WORK ITEM: The result should hold only the lines from the one with "ANRABESS Women's Long" through the final line of the data below, transcribed exactly, pictures left out.

SUPPLIED MATERIAL:
★ ★ ★
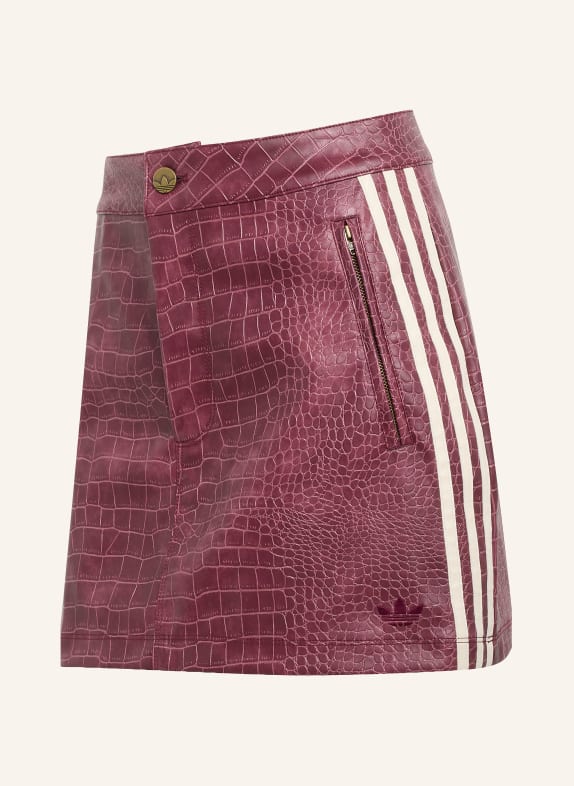 adidas Originals PLEATHER skirt in leather look DARK RED / WHITE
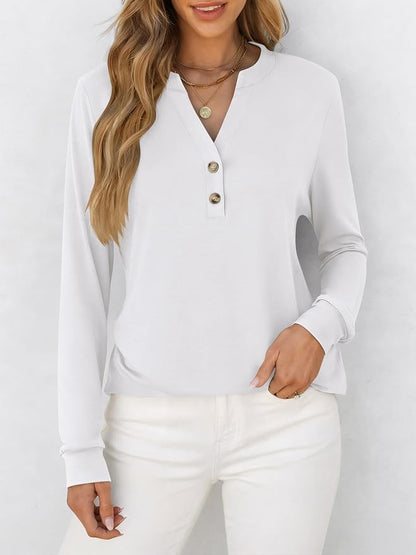 ANRABESS Women's Long Sleeve Shirts 2026 Spring Fashion Dressy Casual Tops Trendy Henley Blouses Cute Work Outfits Clothes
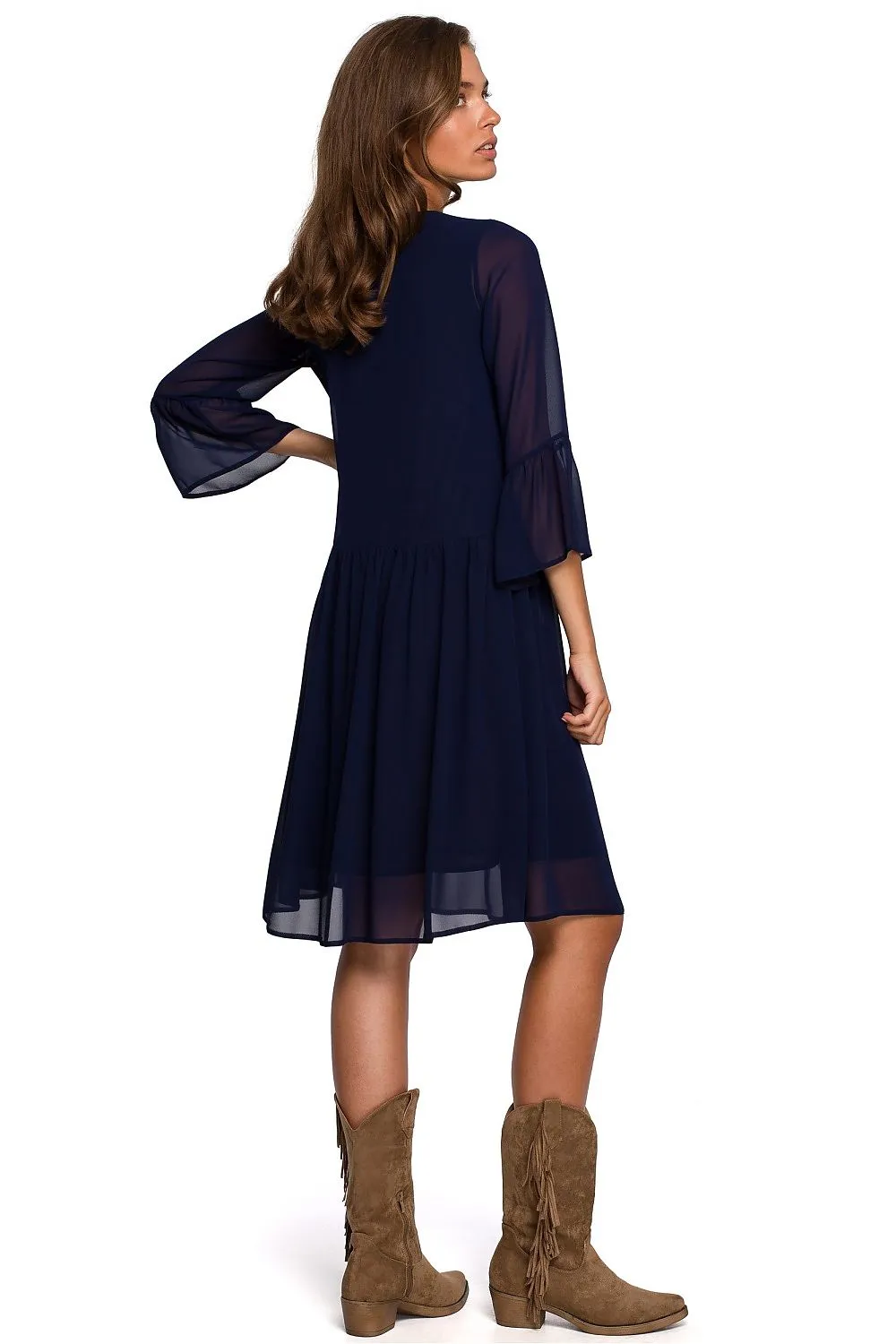 Fluid Frill A-Line Chiffon Dress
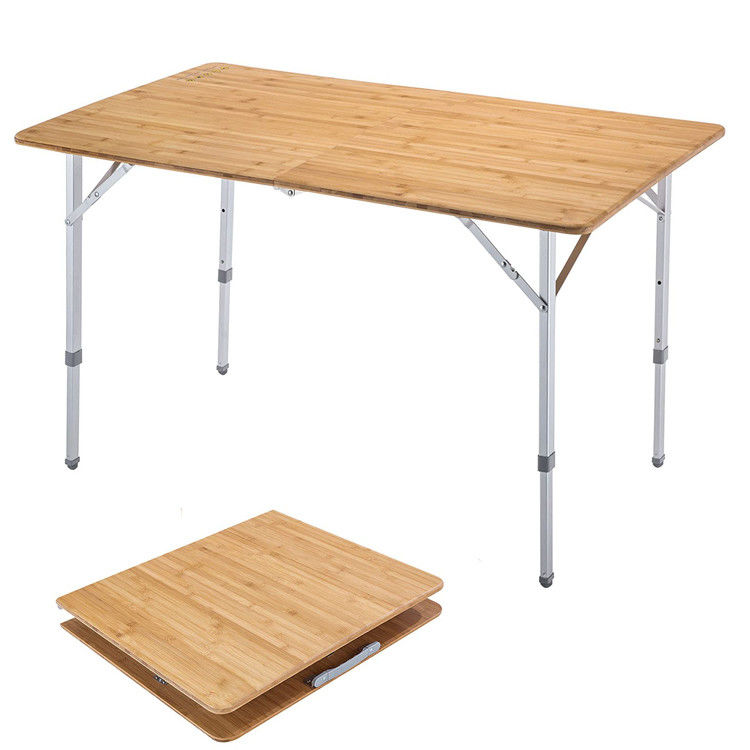 120 x 70 cm tafeltop tuin terras bamboe aluminium opvouwbare tafel voor picknicken camping dineren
★ ★ ★
OUTPUT OF THE EXERCISE:
 ANRABESS Women's Long Sleeve Shirts 2026 Spring Fashion Dressy Casual Tops Trendy Henley Blouses Cute Work Outfits Clothes
 Fluid Frill A-Line Chiffon Dress
 120 x 70 cm tafeltop tuin terras bamboe aluminium opvouwbare tafel voor picknicken camping dineren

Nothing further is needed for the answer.